- Your instructions: Your answer is the lines below, exactly, from the one that contains "Building Photo - Ooltewah" through the one that contains "Cérémonie d'inauguration de", both included.

[[ Records for processing, beginning ]]

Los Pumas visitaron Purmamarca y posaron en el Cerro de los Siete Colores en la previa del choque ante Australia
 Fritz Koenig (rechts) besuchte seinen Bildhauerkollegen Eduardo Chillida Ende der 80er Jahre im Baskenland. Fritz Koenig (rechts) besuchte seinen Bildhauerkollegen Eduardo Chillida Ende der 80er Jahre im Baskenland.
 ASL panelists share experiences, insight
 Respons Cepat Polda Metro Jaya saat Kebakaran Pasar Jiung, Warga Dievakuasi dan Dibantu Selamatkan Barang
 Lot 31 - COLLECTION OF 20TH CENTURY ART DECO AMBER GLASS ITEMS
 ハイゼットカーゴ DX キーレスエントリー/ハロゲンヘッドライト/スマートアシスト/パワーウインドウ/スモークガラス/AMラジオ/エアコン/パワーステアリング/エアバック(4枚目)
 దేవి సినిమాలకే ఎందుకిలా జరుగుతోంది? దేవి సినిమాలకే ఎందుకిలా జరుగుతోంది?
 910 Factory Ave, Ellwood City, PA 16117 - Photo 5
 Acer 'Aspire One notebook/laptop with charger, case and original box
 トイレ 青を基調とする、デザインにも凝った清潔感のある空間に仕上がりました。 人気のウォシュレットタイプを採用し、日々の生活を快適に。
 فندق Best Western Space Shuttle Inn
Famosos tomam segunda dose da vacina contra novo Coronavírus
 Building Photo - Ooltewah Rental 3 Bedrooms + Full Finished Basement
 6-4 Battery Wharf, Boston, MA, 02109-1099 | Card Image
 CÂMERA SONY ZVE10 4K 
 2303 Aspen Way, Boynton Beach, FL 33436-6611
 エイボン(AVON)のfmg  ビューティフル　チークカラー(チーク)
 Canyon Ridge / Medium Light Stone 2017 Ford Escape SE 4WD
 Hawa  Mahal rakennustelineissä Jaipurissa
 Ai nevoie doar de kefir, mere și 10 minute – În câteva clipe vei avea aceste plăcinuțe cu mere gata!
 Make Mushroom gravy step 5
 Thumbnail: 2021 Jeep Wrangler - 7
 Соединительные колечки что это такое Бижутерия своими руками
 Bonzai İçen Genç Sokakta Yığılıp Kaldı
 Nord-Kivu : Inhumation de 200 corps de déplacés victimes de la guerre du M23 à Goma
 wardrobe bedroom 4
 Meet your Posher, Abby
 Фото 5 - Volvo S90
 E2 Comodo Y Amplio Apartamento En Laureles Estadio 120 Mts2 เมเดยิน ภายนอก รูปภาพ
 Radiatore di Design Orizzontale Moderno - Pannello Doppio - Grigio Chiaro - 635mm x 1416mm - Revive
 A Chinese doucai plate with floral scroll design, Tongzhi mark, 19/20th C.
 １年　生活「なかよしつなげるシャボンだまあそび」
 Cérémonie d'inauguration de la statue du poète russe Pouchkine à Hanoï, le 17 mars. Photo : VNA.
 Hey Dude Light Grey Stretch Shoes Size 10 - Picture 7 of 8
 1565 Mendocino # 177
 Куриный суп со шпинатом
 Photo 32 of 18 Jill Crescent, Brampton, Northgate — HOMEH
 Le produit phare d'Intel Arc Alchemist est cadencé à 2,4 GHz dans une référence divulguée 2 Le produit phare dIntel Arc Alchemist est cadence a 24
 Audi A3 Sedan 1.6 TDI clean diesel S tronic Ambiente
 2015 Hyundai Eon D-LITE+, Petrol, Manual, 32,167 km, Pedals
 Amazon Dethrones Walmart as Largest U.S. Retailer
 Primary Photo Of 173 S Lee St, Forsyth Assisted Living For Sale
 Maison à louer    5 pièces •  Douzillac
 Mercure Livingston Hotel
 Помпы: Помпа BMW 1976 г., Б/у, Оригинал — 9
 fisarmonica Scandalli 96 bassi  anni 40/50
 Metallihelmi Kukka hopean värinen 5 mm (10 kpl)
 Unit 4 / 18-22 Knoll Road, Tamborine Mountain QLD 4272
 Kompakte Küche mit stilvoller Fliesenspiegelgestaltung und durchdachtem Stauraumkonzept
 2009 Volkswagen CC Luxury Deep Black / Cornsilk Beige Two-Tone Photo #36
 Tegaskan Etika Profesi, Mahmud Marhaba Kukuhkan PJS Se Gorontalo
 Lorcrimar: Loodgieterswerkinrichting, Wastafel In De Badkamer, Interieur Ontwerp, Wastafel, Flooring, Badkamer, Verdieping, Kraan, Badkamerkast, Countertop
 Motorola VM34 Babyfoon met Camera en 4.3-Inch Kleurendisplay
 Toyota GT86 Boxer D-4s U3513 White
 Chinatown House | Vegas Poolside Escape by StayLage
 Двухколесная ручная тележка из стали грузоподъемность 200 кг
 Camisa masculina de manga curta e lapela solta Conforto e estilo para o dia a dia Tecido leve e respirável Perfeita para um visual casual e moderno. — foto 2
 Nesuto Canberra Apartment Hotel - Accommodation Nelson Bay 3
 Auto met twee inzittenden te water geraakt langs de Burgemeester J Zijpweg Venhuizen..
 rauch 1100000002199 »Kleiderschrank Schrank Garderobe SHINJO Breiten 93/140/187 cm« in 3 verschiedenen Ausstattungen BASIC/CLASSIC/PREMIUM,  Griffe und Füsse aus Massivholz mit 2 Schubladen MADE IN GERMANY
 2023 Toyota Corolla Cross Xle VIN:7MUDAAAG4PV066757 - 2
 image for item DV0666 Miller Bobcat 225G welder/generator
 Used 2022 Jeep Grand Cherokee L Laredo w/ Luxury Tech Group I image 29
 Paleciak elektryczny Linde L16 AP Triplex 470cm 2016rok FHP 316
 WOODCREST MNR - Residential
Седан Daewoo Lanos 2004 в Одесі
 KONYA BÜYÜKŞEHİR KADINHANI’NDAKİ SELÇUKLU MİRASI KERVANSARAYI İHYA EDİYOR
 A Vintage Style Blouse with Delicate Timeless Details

[[ Records for processing, end ]]

- Task output:
 Building Photo - Ooltewah Rental 3 Bedrooms + Full Finished Basement
 6-4 Battery Wharf, Boston, MA, 02109-1099 | Card Image
 CÂMERA SONY ZVE10 4K 
 2303 Aspen Way, Boynton Beach, FL 33436-6611
 エイボン(AVON)のfmg  ビューティフル　チークカラー(チーク)
 Canyon Ridge / Medium Light Stone 2017 Ford Escape SE 4WD
 Hawa  Mahal rakennustelineissä Jaipurissa
 Ai nevoie doar de kefir, mere și 10 minute – În câteva clipe vei avea aceste plăcinuțe cu mere gata!
 Make Mushroom gravy step 5
 Thumbnail: 2021 Jeep Wrangler - 7
 Соединительные колечки что это такое Бижутерия своими руками
 Bonzai İçen Genç Sokakta Yığılıp Kaldı
 Nord-Kivu : Inhumation de 200 corps de déplacés victimes de la guerre du M23 à Goma
 wardrobe bedroom 4
 Meet your Posher, Abby
 Фото 5 - Volvo S90
 E2 Comodo Y Amplio Apartamento En Laureles Estadio 120 Mts2 เมเดยิน ภายนอก รูปภาพ
 Radiatore di Design Orizzontale Moderno - Pannello Doppio - Grigio Chiaro - 635mm x 1416mm - Revive
 A Chinese doucai plate with floral scroll design, Tongzhi mark, 19/20th C.
 １年　生活「なかよしつなげるシャボンだまあそび」
 Cérémonie d'inauguration de la statue du poète russe Pouchkine à Hanoï, le 17 mars. Photo : VNA.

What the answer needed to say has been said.